So what’s the secret to expediting the development of a hypercar from scratch? By our reckoning, and that of team GMA, there are two main factors. First, a tightly-knit, well-coordinated team, about which Prof. Gordon has been outspoken in his pride, and second: A lot of prototypes. Here at the 80th Members’ Meeting presented by Audrain Motorsport, we have no less than twelve out of the 24 made (with two in the Governor’s area being the ones in which Gordon himself and GMA CEO Philip Lee drove down).

The ten cars in the paddocks span the development process, ranging from the very earliest Ultima-based engine mule, to Pre Series 4, the final prototype to come off the production line before the customer cars go into build. GMA’s chief development engineer for the T.50, Oli Rhodes, was on hand to talk us through the incredible journey that was the development of what may well go down in history as one of the greatest supercars of all time.


There are a few stages of prototype at GMA. XP is the experimental prototype, which is followed by verification prototype (VP), then production prototype (PP) and finally pre series (PS). But it all began with an Ultima, just like the McLaren F1, the T.50’s spiritual predecessor. It even follows in the footsteps of those early Ultima mules in being named after Kings of England. George as he’s affectionately known, follows on from Albert and Edward but of course, McLaren never brought those out to tell the stories. George is very indicative of GMA’s refreshing openness about the at-times rough-edged process of honing a car from scratch, out of nothing more than bright ideas and raw materials. It’s mad to think George only went for its first shakedown in September 2020. 

“We have a lot of prototypes,” Rhodes opens. “It’s because of the time constraints – we need lots of jobs to be getting done at once. We can’t have a few going between different things. That doesn’t work with development progressing at this pace.
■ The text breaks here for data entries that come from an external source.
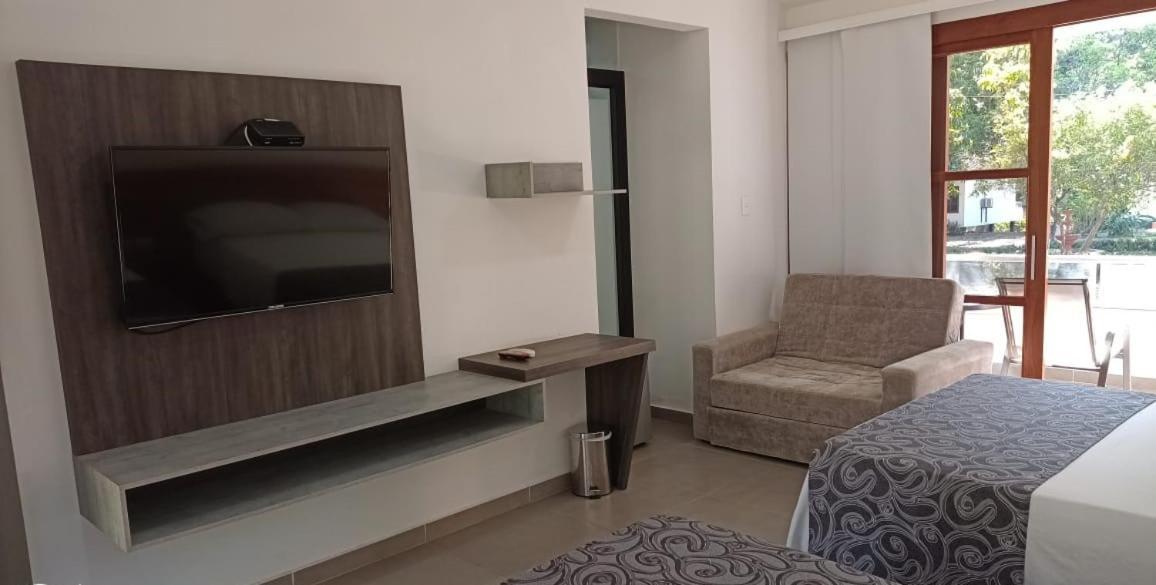 Hosteria Real Otel Santa Fe de Antioquia Dış mekan fotoğraf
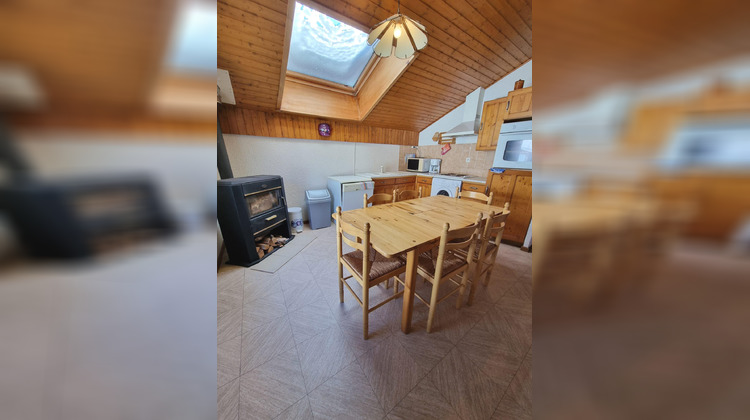 Ma-Cabane - Vente Appartement Châtel, 57 m²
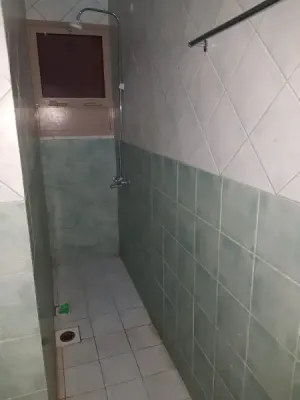 Flat for rent in suqaya area near salmanyia hospital  شقة للإيجار بمنطقة السقية بالقرب من مستشفى السلمانية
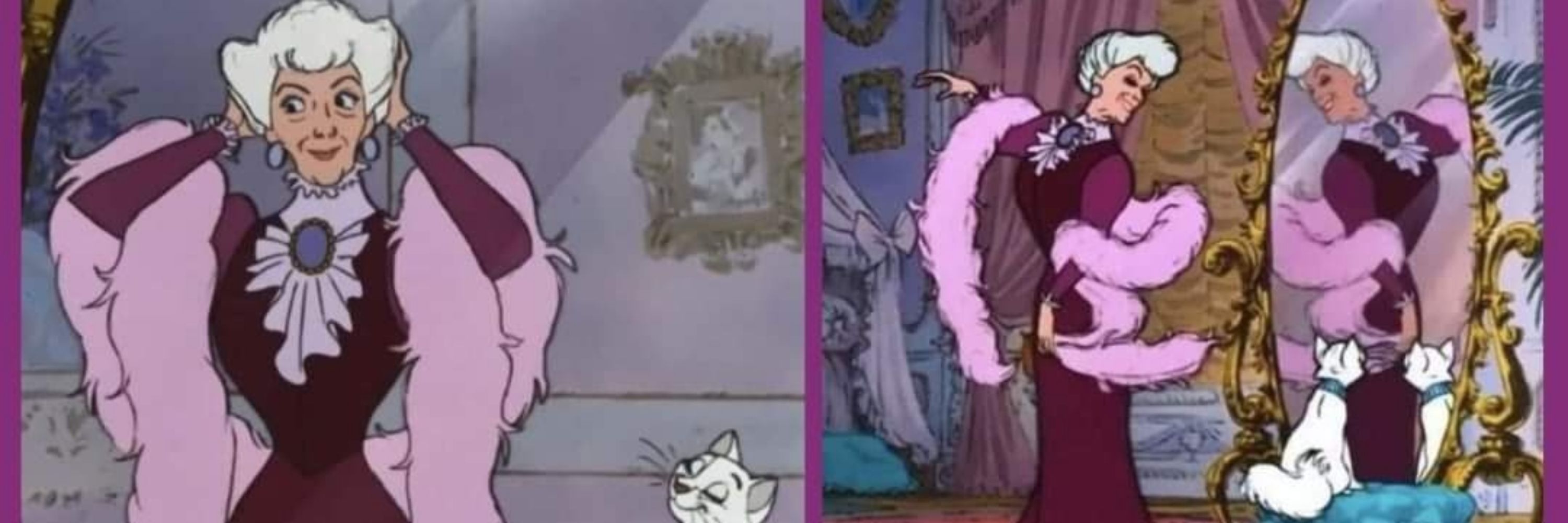 Duchess Bobbi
“We’re quite open with our prototypes. Having worked at McLaren and JLR, they’re so closed with prototypes, with horrible camo and hard panels. For our job in development it’s a nightmare. It’s why we showed the car before really getting into the programme. How open they want to be is refreshing. It puts the pressure on and it was a tight programme but I think it’s gone really well.”


Walking around George, it’s almost as if some Alien parasite has taken over an Ultima, sprouting giant nostrils with radiators, a crude-looking airbox and oil cooler.
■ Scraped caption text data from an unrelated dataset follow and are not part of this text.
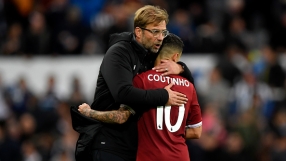 Клоп: Опитахме всичко, за да задържим Коутиньо 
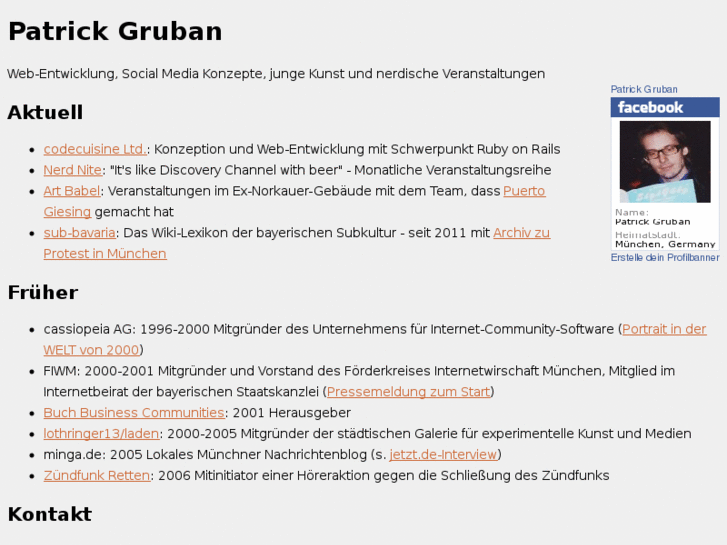 www.gruban.de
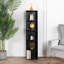 Eloah 32 cm W Standard Bookcase-1110453917-1129774469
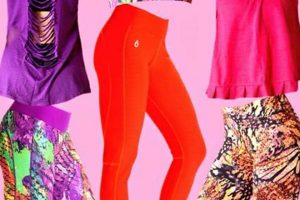 Gear Up! Best Outfit for Zumba Class + Style Tips | The Ultimate Zumba Guide: Dance Your Way to a Healthier You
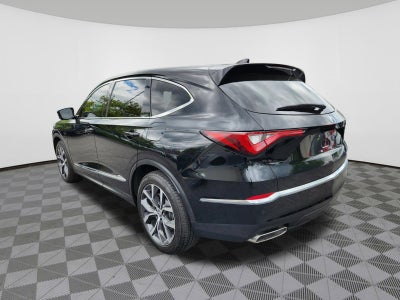 2024 Acura MDX w/Technology Package
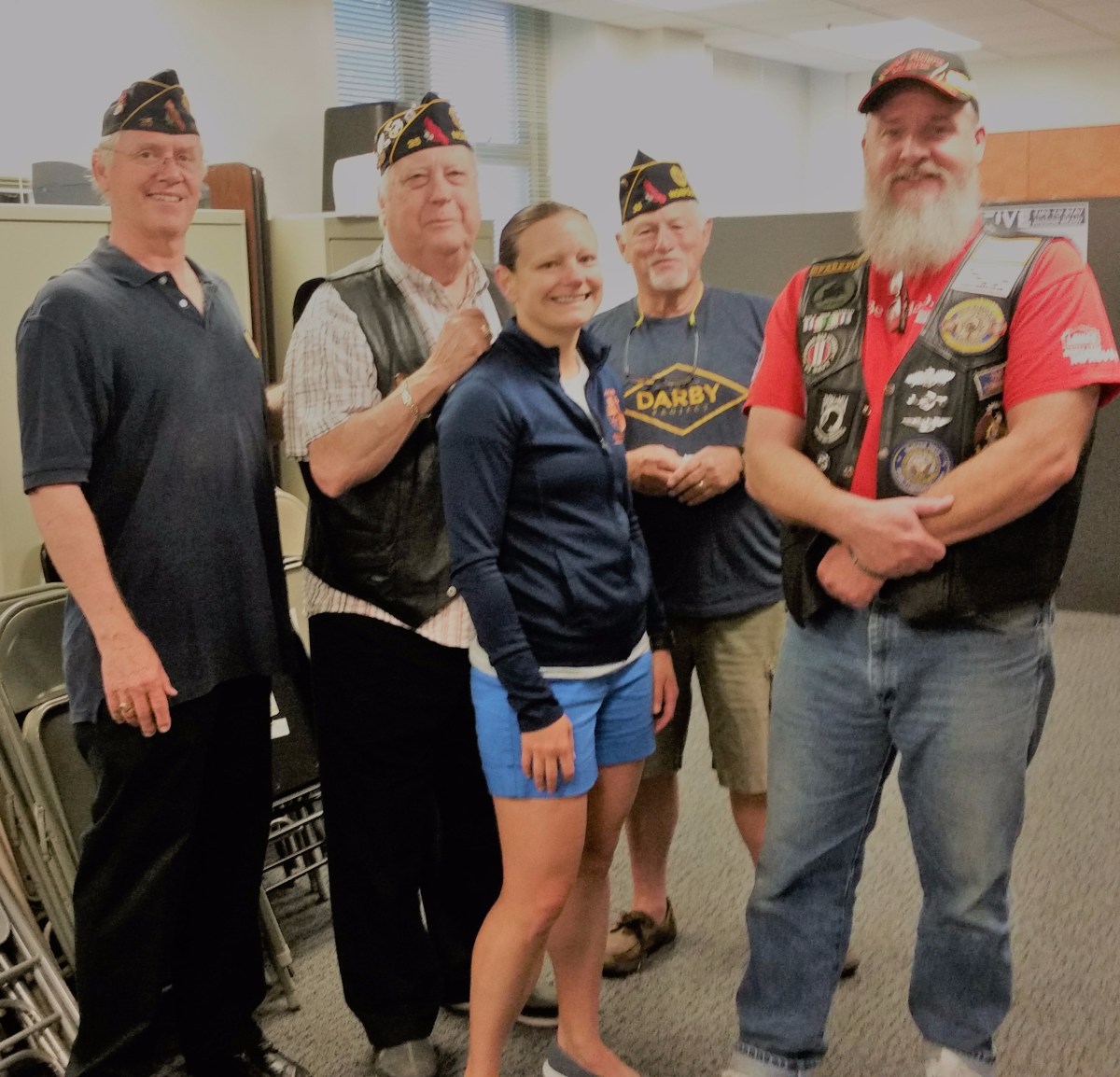 One Step Closer to&nbsp;Real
“George was the first one,” Rhodes continues as we wander. “The first car we put the engine in after being on the dyno. In terms of powertrain, it’s pretty much everything: engine, gearbox and integrated starter generator (ISG) down the back. The airbox was 3D-printed to be exactly as it will be in the car.

“A lot of development is done virtually. The bulk of this car’s job to begin with was getting the engine, ISG and other control electronics to talk to each other. It was perfect – it was running on the dyno, so when it went in George and we built XP2, we really hit the ground running.”

We were seeing how different carbon layups would work. XP2 is going and will go quite yellow-ey, because the carbon doesn’t have the anti-UV stuff.

Oli Rhodes, GMA Chief Development Engineer

At a distance, XP2 is a huge step on from George, given it actually looks like a T.50. Get up close though, and how early it is in the programme really shows. There’s basically no interior, the carbon is a bit ragged – it’s had a life and was one of the most important cars in the process. For a start, it was also the first prototype to hit the 12,100rpm rev limit.

“XP2 was the first ‘T.50’ built,” Oli says affectionately. “It’s done all sorts of stuff. It supported continental with their traction control and ABS work early on. This one isn’t painted, partly because we were trying different tub builders and carbon suppliers. We were seeing how different carbon layups would work. XP2 is going and will go quite yellow-ey, because the carbon doesn’t have the anti-UV stuff.

“It was the first car for our aero system and the fan, with a module to test all the modes manually from the inside. At this point it had a much earlier electrical architecture. This car was probably early 2021 and it was running until late last year. At that point it became quite out of date, at which point it started on static duties – durability testing and so on. This was one of our most important prototypes.”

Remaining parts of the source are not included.